* Dataset content:
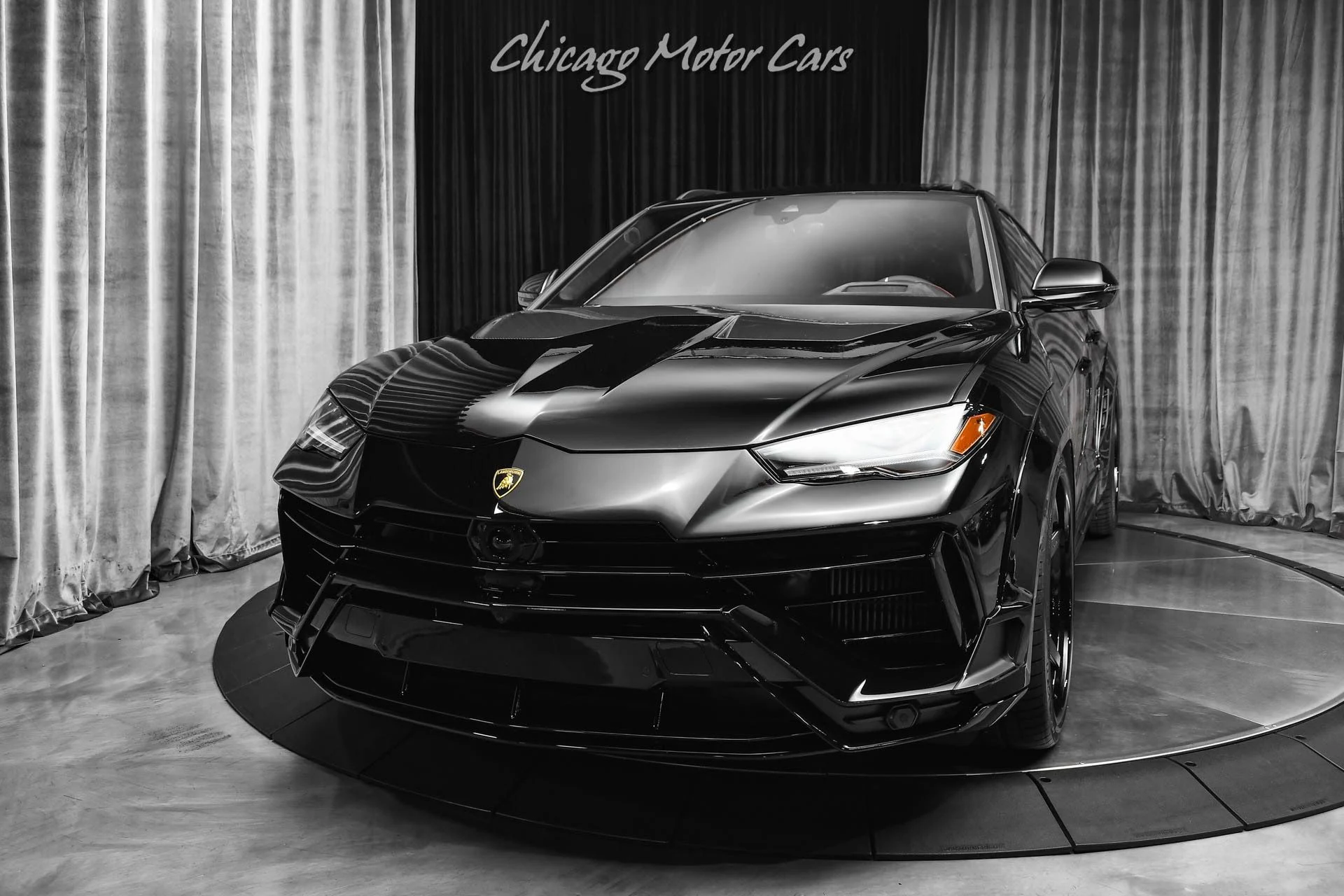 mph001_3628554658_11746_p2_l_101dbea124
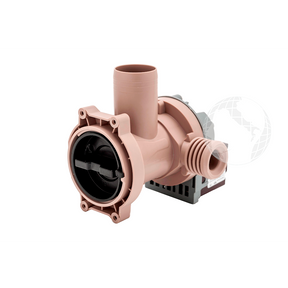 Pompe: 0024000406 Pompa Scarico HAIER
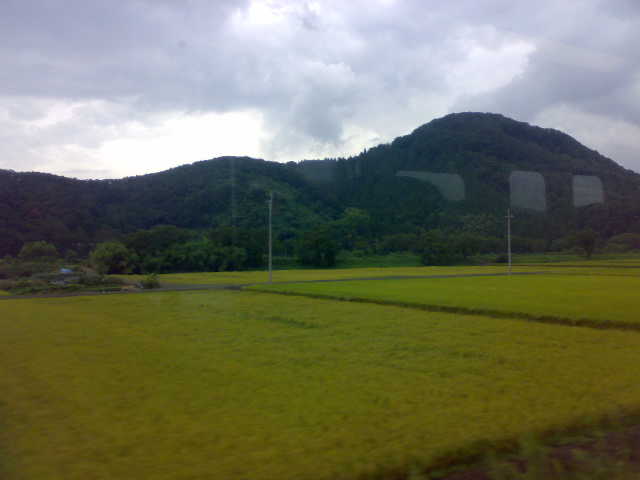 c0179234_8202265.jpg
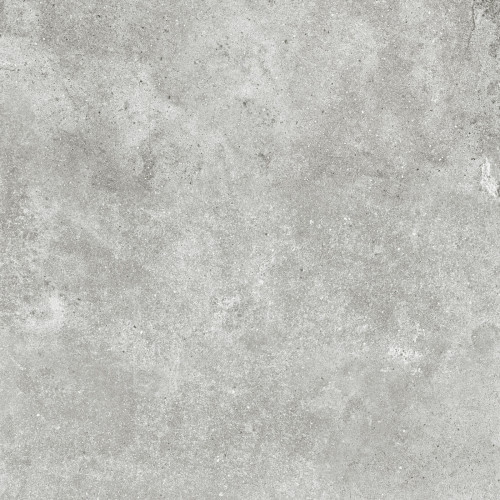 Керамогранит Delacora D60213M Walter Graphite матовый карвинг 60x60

* Your instructions: Nothing but the lines from the one containing "Pompe: 0024000406 Pompa Scarico HAIER" through the end of the listing should be printed, each exactly as it appears and without pictures.

* Task result:
 Pompe: 0024000406 Pompa Scarico HAIER
 c0179234_8202265.jpg
 Керамогранит Delacora D60213M Walter Graphite матовый карвинг 60x60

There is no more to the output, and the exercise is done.